The Fire looked a bit sluggish to start. NYCFC had the early possession edge and should have had a penalty kick called after Bastian Schweinsteiger was stripped of the ball and Johan Kappelhof tackled Herrera in the box, but got away with it. It would have been interesting to see if the Fire could adjust, but things obviously changed after the red card.

The rest of the first half

Despite turning the man advantage into solid control of the possession battle, the Fire weren’t turning the possession into shots in the first half.

The Fire managed just three shots in the first half and all three were from well outside the box. One of them probably wasn’t even a shot. Johan Kappelhof took a low drive just before halftime that was deflected by a defender and forced Sean Johnson into a tough save.

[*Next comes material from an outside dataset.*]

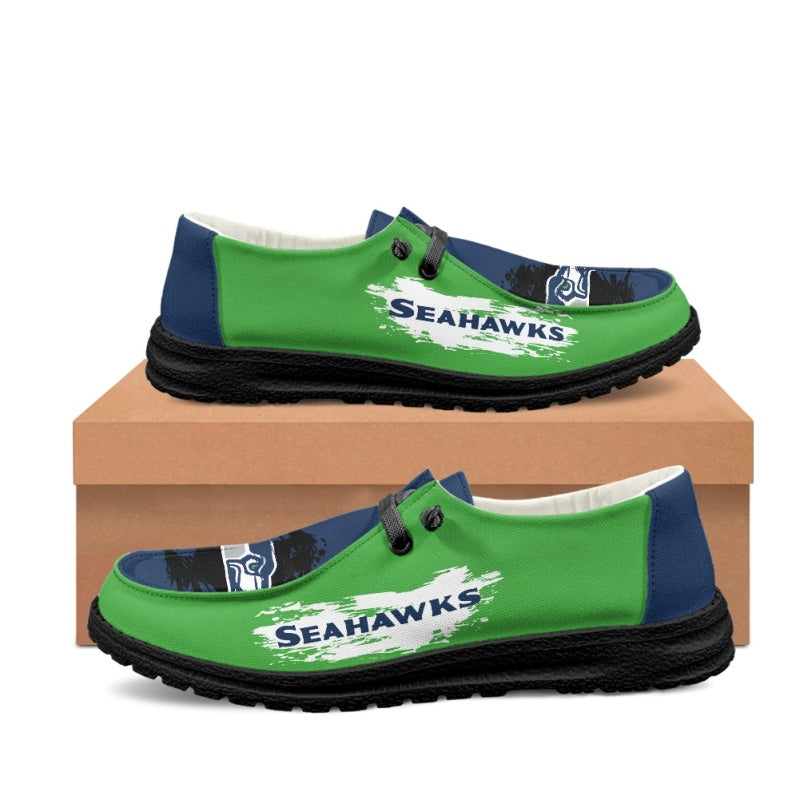 Seattle Seahawks V1 BZ15 Sneakers Shoes For Men Women Fans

The Fire spent too much time cycling the ball around and not making an incisive pass. As has been the case in the two previous games that were similar to this (at Orlando and the Open Cup loss in Cincinnati), Dax McCarty was not there for the Fire. McCarty’s ability to quickly push the ball forward via a pass is something the team has continued to miss without him. The Fire have looked competitive, and at times good, without him, but the dropoff from how the Fire play with him as opposed to without him builds a strong argument that McCarty is the team MVP.

The Fire settled for too many crosses without McCarty’s forward passing ability. They are credited with completing just one cross in seven attempts in the first half. It didn’t help that Brandon Vincent picked up an injury in warmups and was replaced by Michael Harrington in the lineup. On top of that, Schweinsteiger was uncharacteristically sloppy.

Things changed when David Accam entered

It’s not clear why David Accam didn’t start for the Fire, but they definitely played better once he entered as a halftime sub for Luis Solignac.

Of course, Accam’s entrance also coincided with the Fire’s defense going AWOL for the first five minutes of the half, but he did bring the team back into the game with a miraculous long-range strike that went in off the bottom of the crossbar.

Accam didn’t complete many passes (9 for 14), but he was credited with five successful dribbles. That was more than the rest of the team combined in the second half.

His ability to take players on in one-on-one situations was an important asset with NYCFC defending with numbers and conceding possession to the Fire. Paunovic brought on young players Djordje Mihailovic and Daniel Johnson, both offensively-minded players who are willing to take risks to create chances.

The Fire cranked up the heat with 20 shots in the second half, including 11 from the 76th minute on, but it wasn’t enough to break down NYCFC’s defense.

Paunovic and Co. will have to go back to the drawing board to figure out how to score against teams that play the way New York did on Saturday.